- _INFORMATION PROVIDED_
++++++++++

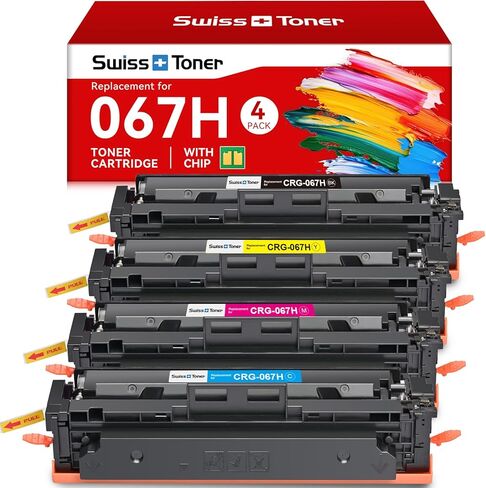 067H 067 Toner Cartridge 4 Pack Set Replacement for Canon 067 067H High Yield, Compatible with Canon Color imageCLASS MF654Cdw MF652Cdw MF653Cdw MF656Cdw LBP633Cdw LBP632Cdw Printers(BK/C/Y/M) in Saudi Arabia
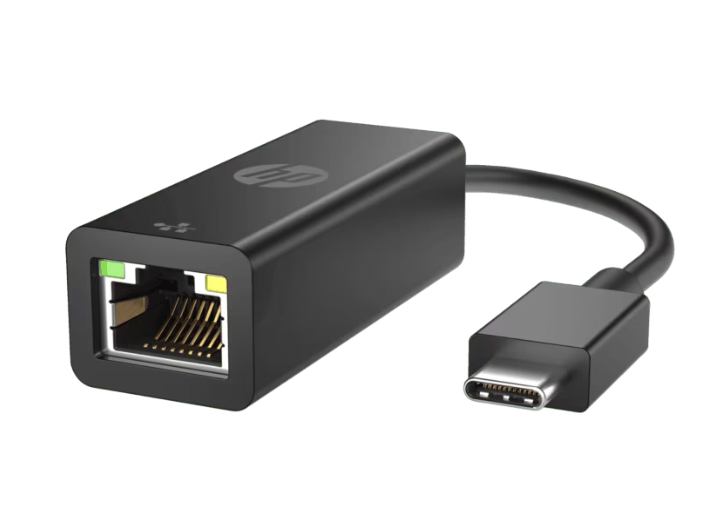  HP USB-C to RJ45 Adapter G2 – Gigabit Ethernet Adapter | USB-C Networking (4Z527AA) 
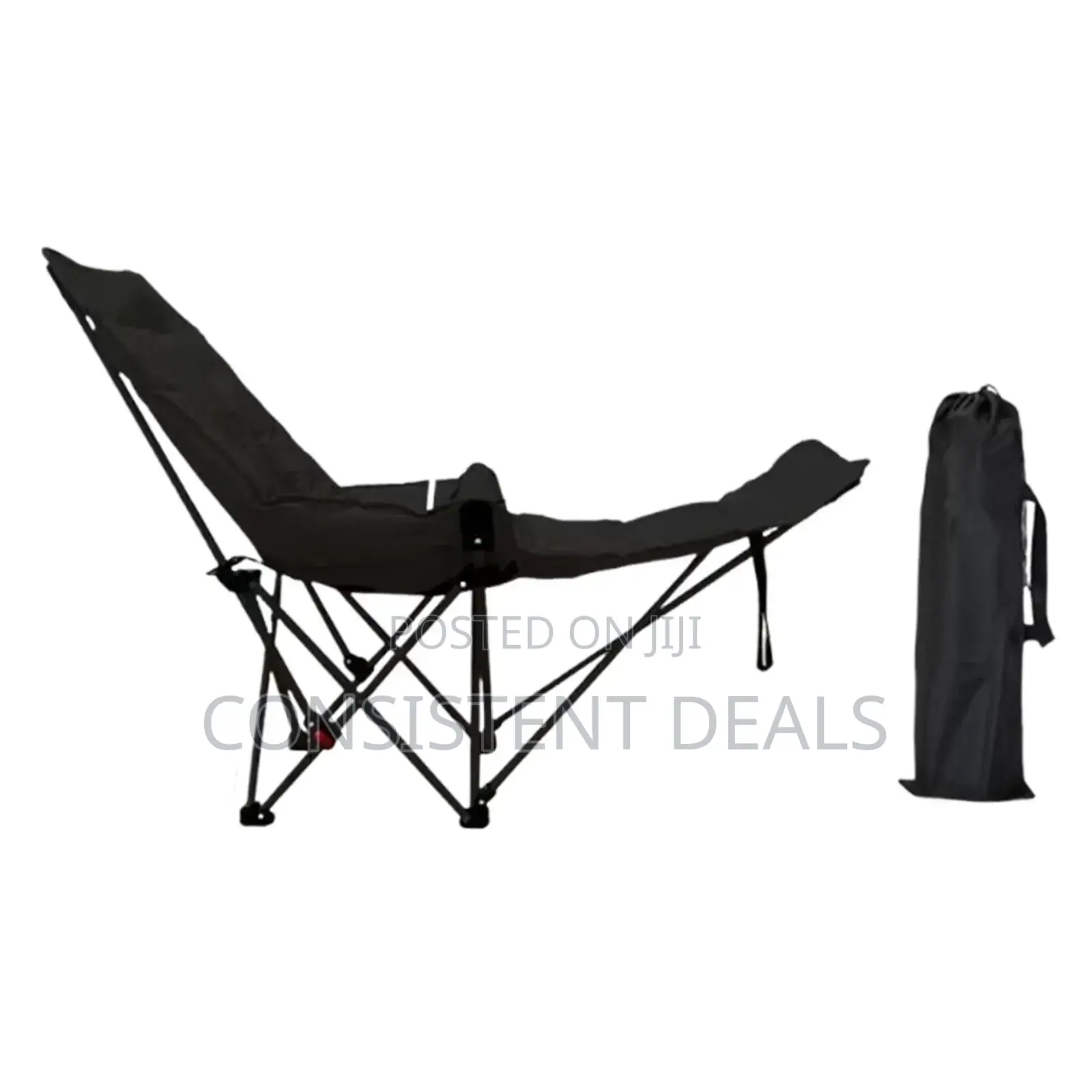 Reclining Camping Chair With Removable Footrest, Reclining Beach Chair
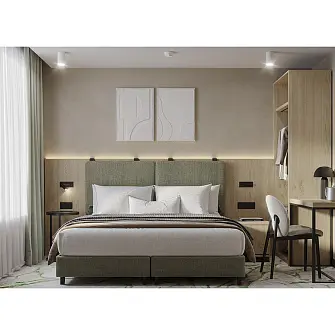 Лампа настольная texture sleek, D24х37 см, черная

++++++++++

- _ACTION ITEM_
Without the pictures, retype exactly the lines from the one that holds "HP USB-C to" to the last line of the data above, both of them included.

- _OUTPUT_
  HP USB-C to RJ45 Adapter G2 – Gigabit Ethernet Adapter | USB-C Networking (4Z527AA) 
 Reclining Camping Chair With Removable Footrest, Reclining Beach Chair
 Лампа настольная texture sleek, D24х37 см, черная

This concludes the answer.